The chance of that happening is roughly equal to the chance of a collision randomly occurring somewhere in a few quadrillion SHA256 hashes.
Yes, the chance that the hash will be broken is much higher than the chance of collisions occurring randomly. I'm just responding to "hash functions only guarantee no collisions to a high probability." People really underestimate how strong that probabilistic guarantee is.
As long as the hash function remains unbroken, untrusted sources can't screw with you.
Hash functions tend to be broken gradually and publicly, and we migrate to new ones as they start to look shaky. It's theoretically possible for someone to privately break a function that everyone else thinks is secure, but it would be an extremely impressive achievement since lots of full-time cryptographers work on breaking these things and publish every little bit of progress they make.
Let's suppose everyone has moved to content addressing. Considering all the amount of content generated every day, how much time would it take before real hash collisions start to emerge?
The number of 256-bit hashes you would have to generate in order to have a 50% that there's a duplicate in there is ~4*10^38. If we had a billion machines each generating a billion new hashes a second, it would take over 12 million years to get that many.
I don't assume computing power is constant, just that the rate of content generation is more or less constant (I think a billion devices publishing a billion new pieces of content every second is a pretty reasonable upper bound).

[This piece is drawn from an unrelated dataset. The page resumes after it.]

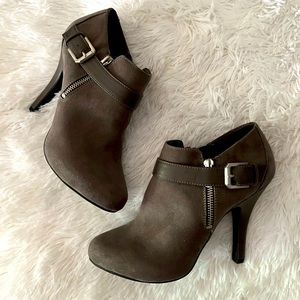 Dark Gray Faux Suede Ankle Booties Size 8.5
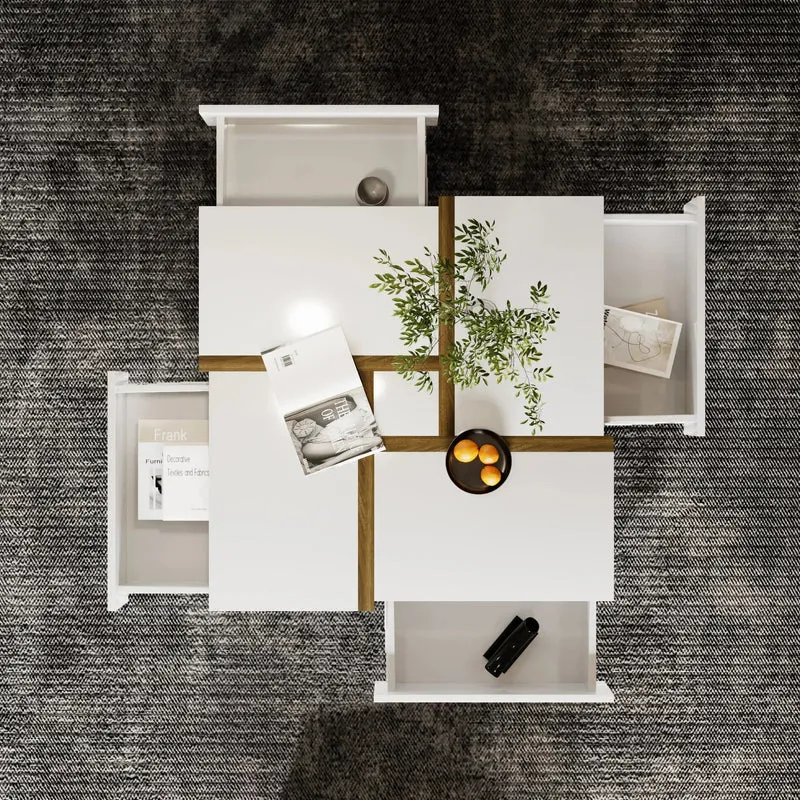 Table basse brillante avec 4 tiroirs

OP asked about the odds of collisions occurring by accident due to the sheer volume of content generated and published, not about attacker scenarios.
Obviously we wouldn't use the same hash algorithm and setup for 12 million years, but the sheer absurdity of that length of time and that pace of content production shows this method will last, at least until flaws are found in SHA256.
The 50% chance he's referring to is the chance that, out of all that hashes that exist, there will be two hashes that match. He's saying that in his scenario it would be millions of years before there's even a single duplicate.